In 2003, a joint public bill committee deemed the act one of "the fundamental parts of constitutional law..."

== Provisions ==
=== Salaries ===
The act sets out the salaries of government ministers, opposition leaders, opposition whips and the speakers of the two Houses of Parliament. (Note: Some salaries set out in the act are different depending on whether the office holder is an MP or not. Office holders who are MPs also receive a salary by virtue of that role.)

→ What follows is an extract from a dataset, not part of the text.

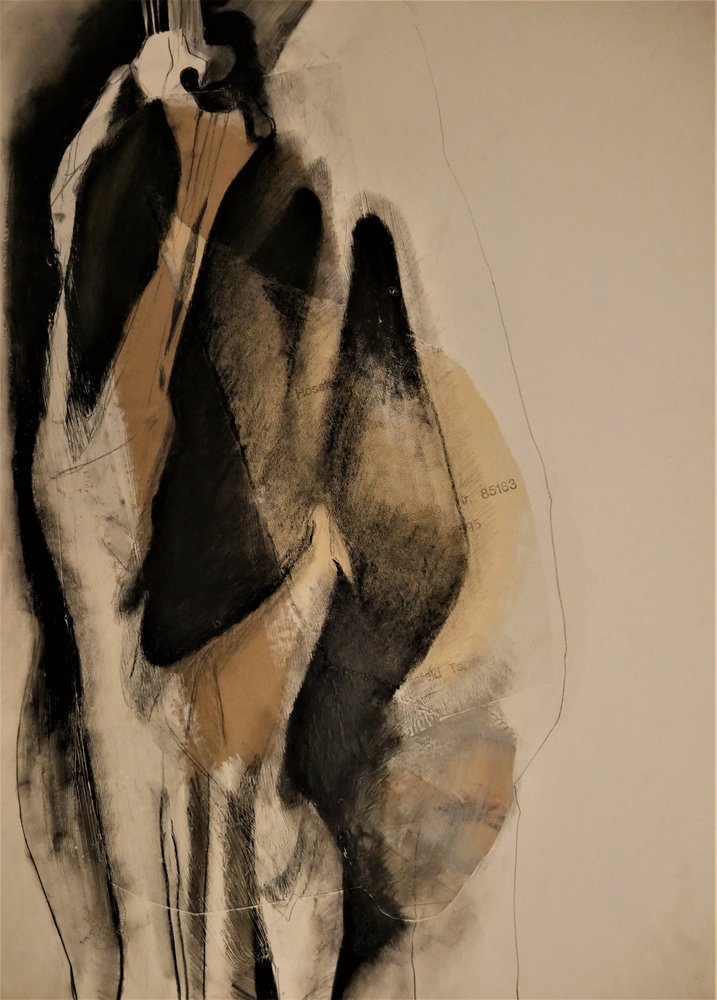 Figure astratte drappeggiate da Doris Schmitz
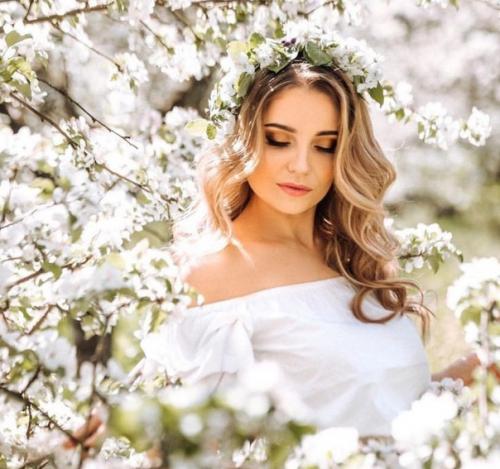 Причёски выпускные свадебные вечерние. 02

==== Government ministers ====
There can be up to 111 paid posts across the following ministerial offices (this limit was 100 before 29 April 2026).

| Salary |  | Office |
| MP | Not MP |
| £76,762 |  | Prime Minister and First Lord of the Treasury |
| £68,827 |  | Chancellor of the Exchequer |
| £68,827 | £101,038 | Secretary of State |
Cabinet members who hold the offices of: Lord President of the Council,; Lord Privy Seal,; Chancellor of the Duchy of Lancaster,; Paymaster General,; Chief Secretary to the Treasury,; Parliamentary Secretary to the Treasury or; Minister of State;
| £33,002 | £78,891 | Non-Cabinet members who hold the offices of: Lord President of the Council,; Lord Privy Seal,; Chancellor of the Duchy of Lancaster,; Paymaster General,; Chief Secretary to the Treasury,; Parliamentary Secretary to the Treasury or; Minister of State; |
Ministers in charge of government departments who are not a member of the Cabinet and who are not eligible for a salary under any other part of the act
Financial Secretary to the Treasury
| £23,697 | £68,710 | Parliamentary Secretary (other than Parliamentary Secretary to the Treasury) |
| £19,239 |  | Junior Lord of the Treasury |
Assistant Government Whip, House of Commons
|  | £63,537 | Lord- or Baroness-in-waiting |

There can also be paid posts in each of the following 9 ministerial offices.

| Salary |  | Office |
| MP | Not MP |
| £68,827 | £101,038 | Lord Chancellor |
| £95,772 | £105,699 | Attorney General for England and Wales |
| £59,248 | £91,755 | Solicitor General for England and Wales |
Advocate General for Scotland
| £33,002 |  | Treasurer of HM Household |
| £19,239 |  | Comptroller of HM Household |
Vice-Chamberlain of HM Household
|  | £78,891 | Captain of the Honourable Corps of Gentlemen-at-Arms |
|  | £68,710 | Captain of the King's Bodyguard of the Yeoman of the Guard |

The effect of this legislation is that the maximum number of paid ministerial posts is 120 (the maximum was 109 before 29 April 2026). The only limit on the number of unpaid ministerial posts is that the maximum number of MPs who can be appointed to a ministerial post is 95 (whether paid or unpaid).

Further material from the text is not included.